In salotto, la luce dorata filtrava dalle tende, colpendo in pieno il vaso sul tavolino. I girasoli di Seung-joon erano un'esplosione di vita quasi prepotente. I petali, vellutati e di un giallo accecante, sembravano aver assorbito tutta l'energia di casa mia.

Ero lì, avvolta nel mio pigiama oversize, a fissarli con la tazza di caffè fumante tra le mani, quando Soo Jin fece il suo ingresso scenico. Aveva i capelli raccolti in uno chignon disordinato e una maschera per il viso ancora umida, ma i suoi occhi erano già vispi.

«Cielo, Emily, se continui a fissarli così finirai per vederli crescere in tempo reale,» esclamò, lasciandosi cadere sulla poltrona con un sospiro teatrale. 

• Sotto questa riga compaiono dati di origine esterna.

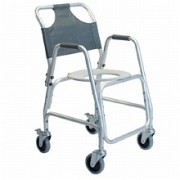 Shower Chairs & Beds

Lanciò un'occhiata al mazzo.

«Devono essere costati almeno cento mila won. Anzi, a giudicare dal confezionamento e dal quartiere dove li ha presi, direi che Seung-joon ha investito una piccola fortuna in fiori. È ufficiale: il ragazzo fa sul serio.»

Risi, cercando di nascondere l'imbarazzo dietro il bordo della tazza.

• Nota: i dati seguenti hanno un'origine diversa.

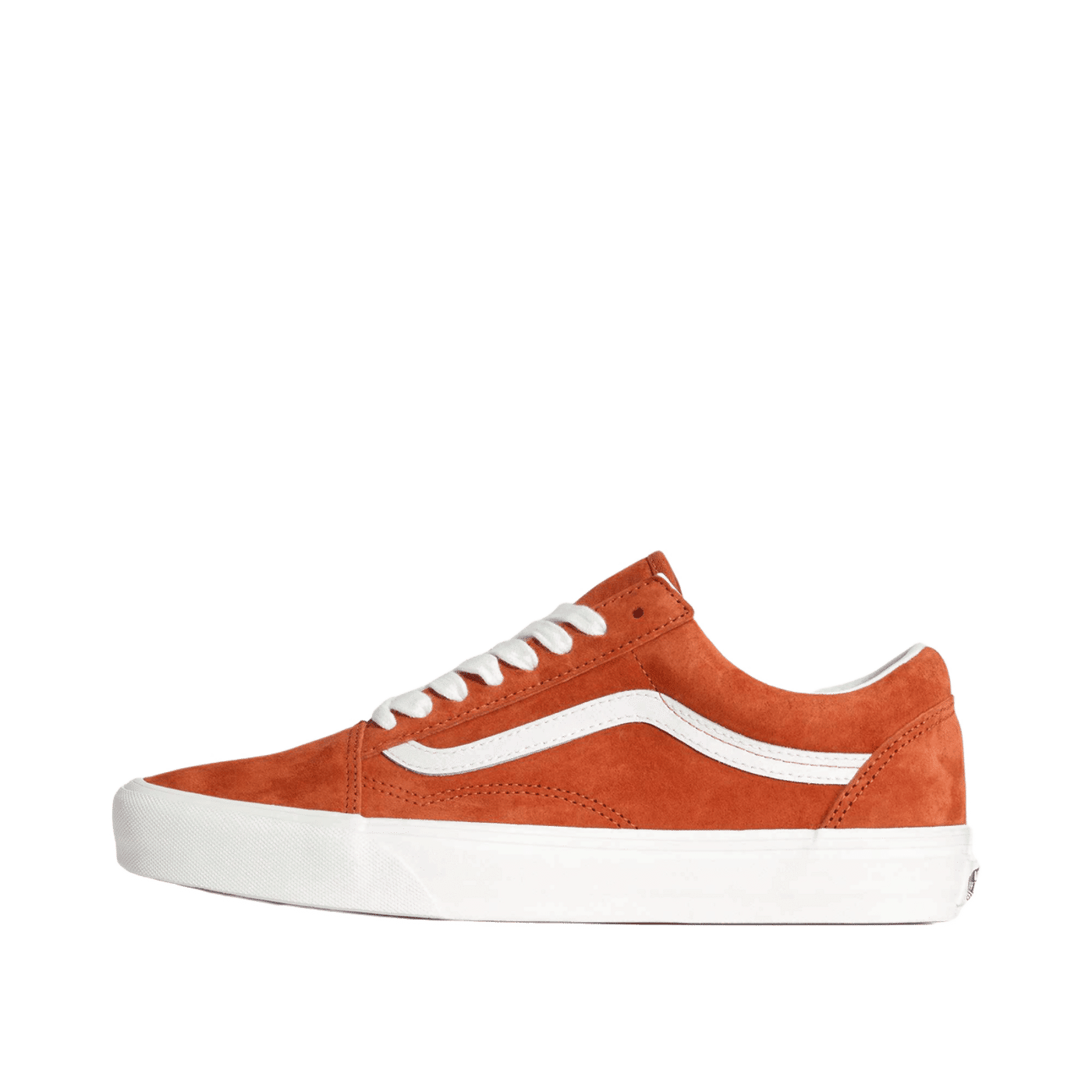 Vans Old Skool "Orange" | VN000D7ZBTO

«Dice che li ha visti mentre passava vicino alla stazione e ha pensato a me. Tutto qui.»

Soo Jin inarcò un sopracciglio, staccando con cura la maschera di tessuto dal viso.

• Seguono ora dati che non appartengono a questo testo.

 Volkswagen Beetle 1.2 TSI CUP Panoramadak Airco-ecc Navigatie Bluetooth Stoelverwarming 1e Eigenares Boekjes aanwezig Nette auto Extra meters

«"Tutto qui"? Emily, nessuno compra un mazzo di fiori a una ragazza solo perché 'passava di lì'. Ma la cosa che mi tormenta da ieri sera, e di cui esigo i dettagli ora che sono sveglia, è un'altra...» Si sporse in avanti, puntandomi un dito contro.

«Ripetimi la parte in cui Park Min Ho, l'idol più glaciale e sexy della nazione, decide di farti da scorta armata fino alla reception.»

Sospirai, sentendo di nuovo quella strana tensione allo stomaco.

«È stato assurdo. Ji-eun mi ha avvisata che c'era un ragazzo per me e lui è diventato di pietra. È sceso in ascensore con me, in silenzio, emanando un'energia che avrebbe potuto far saltare le lampadine. Diceva che poteva essere un "maniaco". È rimasto lì, a braccia incrociate, a studiare Seung-joon come se fosse un sospettato in un caso di omicidio.»

Soo Jin scoppiò in una risata fragorosa e quasi sputò il suo caffè.

«Un maniaco! Certo, il tipico maniaco coreano che si infila nella Starlight con dei fiori freschi e un sorriso da bravo ragazzo. Emily, per favore! Un uomo come Min Ho non spreca ossigeno se non è strettamente necessario. Se è sceso fin lì, non era per la 'sicurezza aziendale'. Era per marcare il territorio.»

«È solo stress,» ribattei, cercando di auto-convincermi. 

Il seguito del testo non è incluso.